The World's Best One Hundred Detective Stories Vol. 6 (1910) by Eugene Thwing (ed)
One volume of a ten-volume set of early detective stories. This particular volume is not nearly as strong as the previous two I have reviewed. Holmes is entertaining as always and "The Eleventh Juror" by Vincent Starrett is the best of the rest with "On Top of the Tower" (LeBlanc) following closely, but most of these are poor pickings, indeed. There are no crimes at all involved in Starrett's other two offerings making them weak mysteries at best. "The Three Liars" would have been far more interesting if there had been a real detective following up real clues rather than looking into people's eyes and then doing some sort of early version of the Vulcan mind meld a la Mr. Spock. I hope the other volumes I own will meet the higher standards of Volumes one and seven. ★★
"The Adventure of the Three Garridebs" by Sir Arthur Conan Doyle: A man with an unusual last name is promised a share of riches if a third man with the same name can be found. [Deaths = one shot]
"The Adventure of the Mazarin Stone" by Doyle: Holmes sets out to retrieve the stolen Crown diamond. He knows who has it, but can he force him to reveal where the diamond is?
"Missing Men" by Vincent Starrett: Three men vanish at practically the same time. If Lavender, famed detective of Chicago, can discover what happened to one, he will discover all.
"The Other Woman" by Starrett: A wealthy woman asks Alexandre Dulau to discover where her husband goes when he disappears periodically for one - three days. She's sure he is seeking the company of another woman. She may be right...
"The Eleventh Juror" by Starrett: All but one juror is sure the man on trial is guilty. Why is the eleventh juror so sure that Murray, caught standing over the murdered man with a gun in his hand, is innocent? [Deaths = one shot]
"On the Top of the Tower" by Maurice LeBlanc: Hortense Daniel has been done out of her inheritance by her uncle. Prince Renine helps her regain it...but discovers murder in the process. [Deaths = two shot]
"At the Sign of Mercury" by LeBlanc: As part of an extraordinary bargain forged at the end of "On Top of the Tower," Prince Renine fulfills his obligation to track down a jeweled clasp for Hortense Daniel. She's not sure she wanted him to succeed...
"Three Liars" by Henry C. Rowland: Three people are telling lies about how the abusive Count Miguel met his death. Jacques Hughes, a mentalist detective, will determine where the truth lies. [one fell from height]

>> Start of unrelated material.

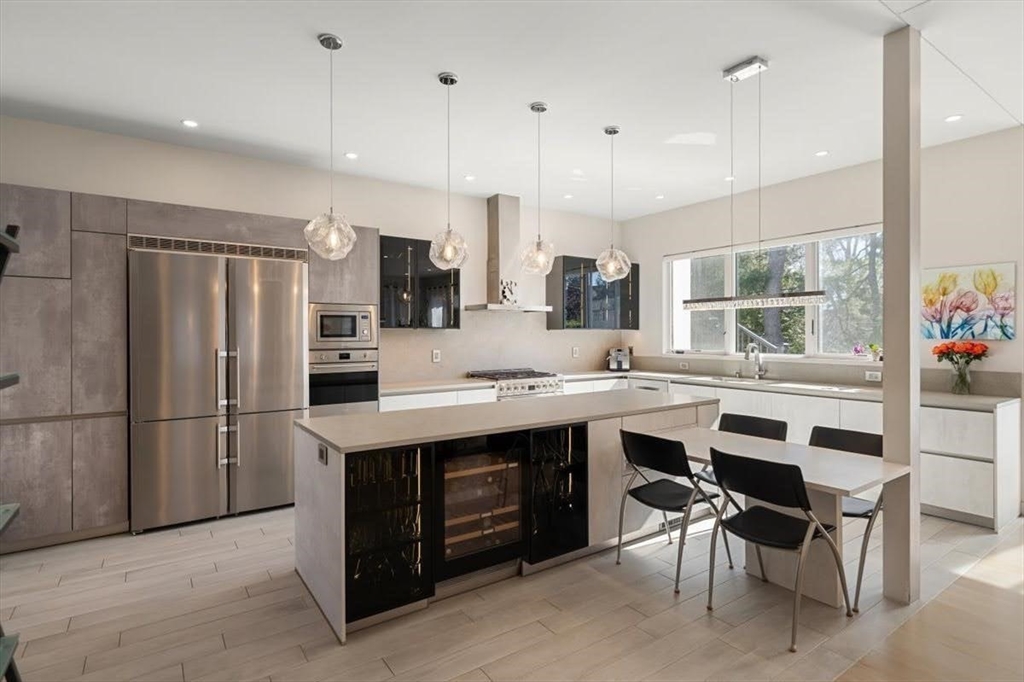 82 Sharpe Road Newton, MA 02459 - Photo 12 of 36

"The Subconscious Witness" by Henry Smith Williams: While early blood testing helps Dr. Goodrich whittle down the identity of a murderer who took advantage of a car accident to two suspects, he must use hypnosis to make the final determination. [Deaths = one hit on head]
"D'Artagnan and the Duel" by Alexandre Dumas: King Louis XIV orders D'Artagnan to investigate a duel which has left a man severely wounded.
First line (1st story): It may have been a comedy, or it may have been a tragedy.
Last line (last story): "In that case, you are not human, Monsieur d'Artagnan, for I believe you never are mistaken."